Kirk Moore reports for Work Boat about the Port of Coeymans Marine Terminal. The port started in the ice harvesting business, sending big blocks of ice down the river to New York City. In 1896, A.T. Powell and Thomas Minnock, got into the ice harvesting business just before refrigeration, then opened the Powell & Minnock Brick Yard. “Its closure in 2001 brought an end to more than three centuries of brick making on the Hudson,” authors Thomas E. Rinaldi and Robert J. Yasinsac wrote in their 2006 book “Hudson Valley Ruins: Forgotten Landmarks of an American Landscape.” Carver Laraway and a partner purchased the old P&M property in 2002, starting a restoration and redevelopment project and today Coeymans Marine Transportation transports bulk construction materials down the Hudson River to building sites.
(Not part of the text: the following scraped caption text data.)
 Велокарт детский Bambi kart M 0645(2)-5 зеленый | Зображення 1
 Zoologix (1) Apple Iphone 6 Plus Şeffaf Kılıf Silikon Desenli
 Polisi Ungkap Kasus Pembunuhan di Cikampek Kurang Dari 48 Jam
This past August, they, "transported the tallest, heaviest barge load in Hudson history, floating the 130’ tall, 4,000-short-ton heat recovery steam generator, built on site at Coeymans, 170 miles south to a new power plant in Woodbridge, N.J. More massive steel parts are coming in for the next generator to be built," Moore reports. Read the full story in Work Boat.
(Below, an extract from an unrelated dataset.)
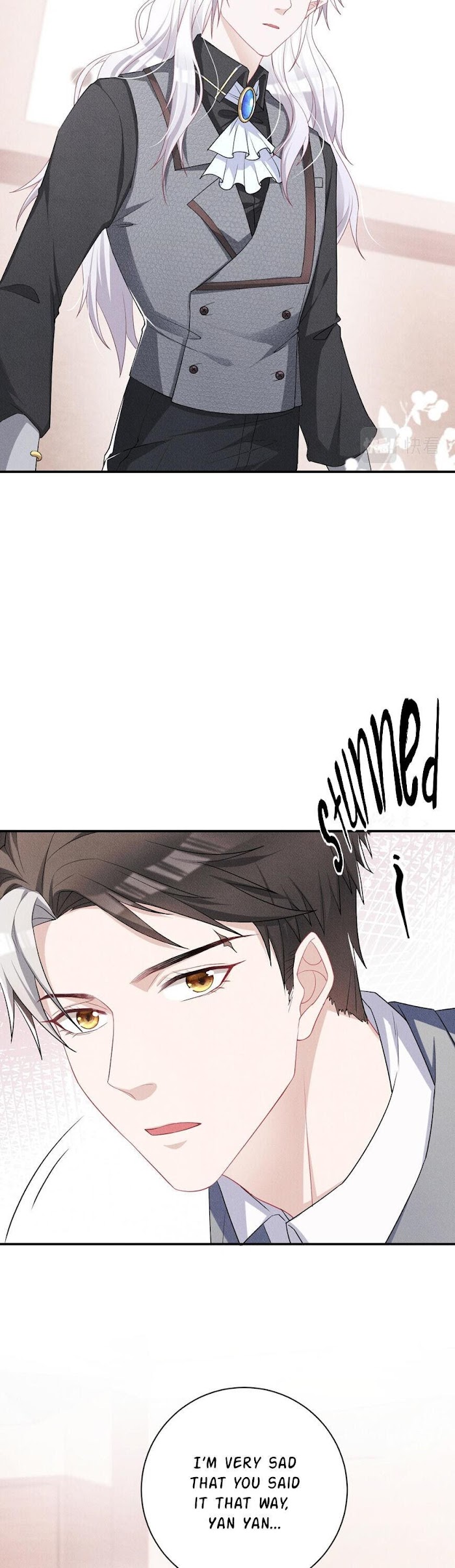 My Vampire Master Wants Revenge On Me chapter 3 - page 8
The Village of Coxsackie Wastewater Treatment Facility released 32,110 gallons of combined sewer overflow into the Hudson River Oct. 28 due to heavy rain. The Village of Catskill Wastewater Treatment Plant also had a five-hour release, with 50 gallons a minute sent into the river Oct. 29. The City of Hudson released 1,000 gallons per minute over 12.4 hours Oct. 29.